More on Economic Substantive Due Process
In the post-Lochner era, the Supreme Court has tolerated state use of the police power to oust private law relationships. Privately erected law, though, still controls in the absence of state legislation which can be rationally justified under the police power. The state must have some good reason to demand that its laws govern in place of those laws drafted by individuals.A member of Columbia Fed Soc just posted his Law Review note on SSRN discussing the Court's recent substantive due process jurisprudence in punitive damages, and arguing that it should extend to the context of statutory damages.
In a footnote to his proposition: "[BMW v. Gore] prescribed 'guideposts' that are to guide courts in determining whether the state court’s award fell within the scope of its acceptable interest in deterrence and retribution," he says:
Gore, 517 U.S. at 568 ("Punitive damages may properly be imposed to further a State's legitimate interests in punishing unlawful conduct and deterring its repetition."); see also Cooper Industries, Inc. v. Leatherman Tool Group, Inc., 532 U.S. 432 (2001); Prosser and Keeton on Torts 9-10 (5th ed. 1984). Although these are the two acceptable interests cited by the court, they are certainly not the only two discussed in case law and in the literature. See Anthony J. Sebok, What Did Punitive Damages Do? Why Misunderstanding the History of Punitive Damages Matters Today, 78 Chi-Kent L. Rev. 163, 163--64 (2003) (noting the "variety of plausible purposes" for punitive damages, including compensation); David G. Owen, A Punitive Damages Overview: Functions, Problems and Reform, 39 Vill. L. Rev. 363, 373-374 (1994) (explaining that "[a]lthough most courts refer only to 'punishment' and 'deterrence' as rationales for [punitive] damages, this masks the variety of specific functions that punitive damages actually serve," including such additional functions as education, compensation and law enforcement).The issue produces an interesting split in the Court; State Farm had dissents from Justices Scalia, Thomas, and Ginsburg.
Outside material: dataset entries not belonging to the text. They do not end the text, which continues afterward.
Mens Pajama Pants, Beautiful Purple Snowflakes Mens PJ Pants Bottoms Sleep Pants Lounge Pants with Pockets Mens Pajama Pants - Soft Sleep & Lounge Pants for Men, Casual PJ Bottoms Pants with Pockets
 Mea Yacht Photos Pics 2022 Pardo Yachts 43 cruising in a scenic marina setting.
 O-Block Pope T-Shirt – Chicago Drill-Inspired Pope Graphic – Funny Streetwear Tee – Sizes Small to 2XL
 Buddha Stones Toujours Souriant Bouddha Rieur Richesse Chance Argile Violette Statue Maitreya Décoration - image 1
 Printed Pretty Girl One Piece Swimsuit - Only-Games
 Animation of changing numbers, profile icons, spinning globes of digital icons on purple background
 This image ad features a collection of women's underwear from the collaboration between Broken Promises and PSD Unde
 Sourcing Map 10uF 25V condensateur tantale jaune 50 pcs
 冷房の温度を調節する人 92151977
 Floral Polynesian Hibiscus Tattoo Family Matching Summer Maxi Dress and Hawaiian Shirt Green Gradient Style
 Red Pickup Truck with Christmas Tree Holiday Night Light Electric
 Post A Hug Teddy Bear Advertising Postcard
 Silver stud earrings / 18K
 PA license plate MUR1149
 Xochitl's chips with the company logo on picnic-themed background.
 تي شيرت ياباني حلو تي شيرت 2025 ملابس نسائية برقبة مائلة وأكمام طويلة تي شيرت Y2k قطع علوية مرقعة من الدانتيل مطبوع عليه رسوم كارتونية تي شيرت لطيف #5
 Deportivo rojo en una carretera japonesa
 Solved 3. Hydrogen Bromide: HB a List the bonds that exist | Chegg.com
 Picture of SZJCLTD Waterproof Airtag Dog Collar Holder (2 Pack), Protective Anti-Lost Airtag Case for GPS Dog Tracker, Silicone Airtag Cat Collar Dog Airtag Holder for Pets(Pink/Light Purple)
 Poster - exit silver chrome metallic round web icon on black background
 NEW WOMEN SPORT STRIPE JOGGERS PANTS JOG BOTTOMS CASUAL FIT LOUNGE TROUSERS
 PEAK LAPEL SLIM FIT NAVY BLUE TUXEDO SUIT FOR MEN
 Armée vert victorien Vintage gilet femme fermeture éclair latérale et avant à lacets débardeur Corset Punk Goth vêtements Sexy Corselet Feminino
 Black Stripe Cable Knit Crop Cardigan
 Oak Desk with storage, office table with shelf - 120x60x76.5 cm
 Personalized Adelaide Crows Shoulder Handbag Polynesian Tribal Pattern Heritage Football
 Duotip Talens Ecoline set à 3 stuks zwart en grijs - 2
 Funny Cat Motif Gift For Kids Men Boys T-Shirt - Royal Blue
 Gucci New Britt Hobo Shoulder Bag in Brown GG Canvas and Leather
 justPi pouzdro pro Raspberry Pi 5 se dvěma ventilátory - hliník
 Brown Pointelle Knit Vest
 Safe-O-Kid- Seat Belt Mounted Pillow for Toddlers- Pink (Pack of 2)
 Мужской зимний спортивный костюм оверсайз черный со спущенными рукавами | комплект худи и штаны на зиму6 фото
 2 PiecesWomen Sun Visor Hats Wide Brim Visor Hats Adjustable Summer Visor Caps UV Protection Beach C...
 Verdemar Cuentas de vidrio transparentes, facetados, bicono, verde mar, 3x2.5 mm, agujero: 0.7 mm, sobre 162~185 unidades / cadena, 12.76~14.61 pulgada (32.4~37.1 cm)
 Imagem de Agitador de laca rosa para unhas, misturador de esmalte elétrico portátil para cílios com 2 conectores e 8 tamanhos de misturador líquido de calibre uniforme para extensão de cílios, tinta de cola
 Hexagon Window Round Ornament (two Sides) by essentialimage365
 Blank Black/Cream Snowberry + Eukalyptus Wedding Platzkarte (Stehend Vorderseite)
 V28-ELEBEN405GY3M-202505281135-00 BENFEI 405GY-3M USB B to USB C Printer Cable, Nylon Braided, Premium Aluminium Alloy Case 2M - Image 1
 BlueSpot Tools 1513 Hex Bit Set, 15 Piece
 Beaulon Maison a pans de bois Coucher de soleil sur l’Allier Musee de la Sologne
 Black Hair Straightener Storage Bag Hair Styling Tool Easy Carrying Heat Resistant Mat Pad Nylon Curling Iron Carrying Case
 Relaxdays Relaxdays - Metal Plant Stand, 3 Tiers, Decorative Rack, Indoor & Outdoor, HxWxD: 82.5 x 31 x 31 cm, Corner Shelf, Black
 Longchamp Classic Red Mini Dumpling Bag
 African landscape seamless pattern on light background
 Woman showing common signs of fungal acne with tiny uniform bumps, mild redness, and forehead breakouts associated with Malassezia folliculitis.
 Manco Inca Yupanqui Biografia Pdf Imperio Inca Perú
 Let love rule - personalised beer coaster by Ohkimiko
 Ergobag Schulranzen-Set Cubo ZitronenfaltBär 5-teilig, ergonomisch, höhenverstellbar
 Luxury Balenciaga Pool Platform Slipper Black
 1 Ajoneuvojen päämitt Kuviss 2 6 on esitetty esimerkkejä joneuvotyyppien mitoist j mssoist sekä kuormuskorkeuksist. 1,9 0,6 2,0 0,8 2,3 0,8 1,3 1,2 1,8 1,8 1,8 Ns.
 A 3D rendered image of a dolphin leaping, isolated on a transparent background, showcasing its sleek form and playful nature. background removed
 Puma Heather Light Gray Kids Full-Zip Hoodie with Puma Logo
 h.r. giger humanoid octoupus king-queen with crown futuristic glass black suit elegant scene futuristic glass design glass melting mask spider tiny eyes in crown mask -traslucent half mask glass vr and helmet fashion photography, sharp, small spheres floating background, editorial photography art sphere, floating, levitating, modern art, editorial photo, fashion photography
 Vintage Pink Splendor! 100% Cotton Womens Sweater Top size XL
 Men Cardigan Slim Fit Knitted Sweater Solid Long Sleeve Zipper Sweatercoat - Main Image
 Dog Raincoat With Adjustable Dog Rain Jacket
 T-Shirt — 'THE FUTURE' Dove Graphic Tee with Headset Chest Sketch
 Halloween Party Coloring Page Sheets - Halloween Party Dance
Note that the finding of economic substantive due process limits in the context of punitive damages is a wild departure from the court’s history, which has, since Lochner, never validated substantive due process outside of the individual rights context. Compare Williamson v. Lee Optical of Oklahoma 348 U.S. 483, 487 (1955) (acknowledging significant overinclusiveness in a statute, but holding that “it is for the legislature, not the courts, to balance the advantages and disadvantages of the new requirement”) with Roe v. Wade; Lawrence v. Texas. Instead, the Court has applied a "minimum rationality" standard to economic legislation, allowing any rational purpose for the statute. In limiting the state’s interest to punishment and deterrence, the Court departs from that standard in the context of punitive damages.
It will be interesting to see what happens in the case the note is based on--Lowry's v. Legg Mason--and whether the Fourth Circuit agrees that the punitive damages jurisprudence should be extended to statutory damages.